Recipe by Sharlene~W
I have used this tried and true recipe for many years. It is from an old Betty Crocker Cookbook. A few reviewers have mentioned the onions don't cook enough. Please note that the instructions say "minced onions". It is a very small cut. If you don't intend to cut the onions that small, please do sauté them first. I have great results every time I have made this quiche using a ready from the freezer 9-inch pie crust.
Top Review by Rose Iyer
This came out beautiful!
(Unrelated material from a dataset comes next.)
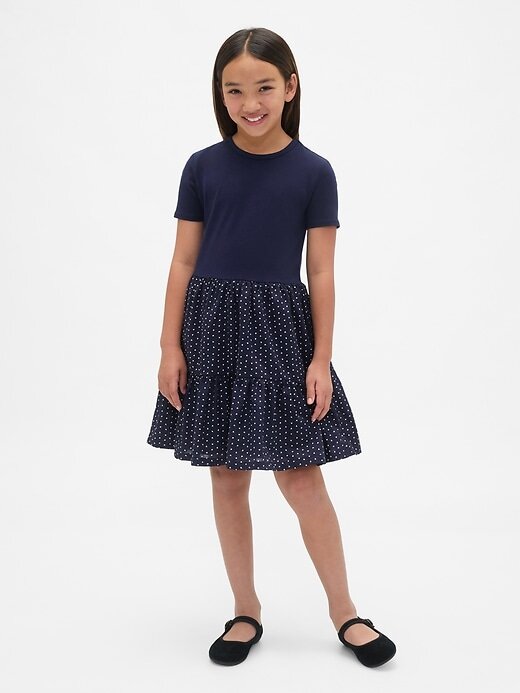 Vestido infantil com babados em técnica mista Vestido infantil com babados em técnica mista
I used diced ham instead of bacon and half and half instead of whipping cream. The best quiche recipe I've come across. Bakes up nicely and has a great texture. Oh, I did add a little crushed garlic also. Thanks for sharing!
- 9 inch pastry dough (I use frozen)
- 12 slice bacon, crisply fried and crumbled
- 236.59 ml shredded swiss cheese
- 78.07 ml minced onion
- 4 eggs
- 473.18 ml whipping cream
- 3.69 ml salt
- 1.23 ml sugar
- 0.59 ml cayenne pepper
Directions See How It's Made
- Heat oven to 450°F.
- Sprinkle bacon, cheese and onion in pastry-lined pie pan.
- Whisk eggs slightly, Beat in remaining ingredients.
- Pour mixture into pie pan.
- Bake for 15 minutes at 450°F.
- Reduce oven temperature to 300°F.
- Bake an additional 30 minutes.
- Quiche is done when knife inserted 1 inch from edge comes out clean.
- Important--let stand 10 minutes before cutting.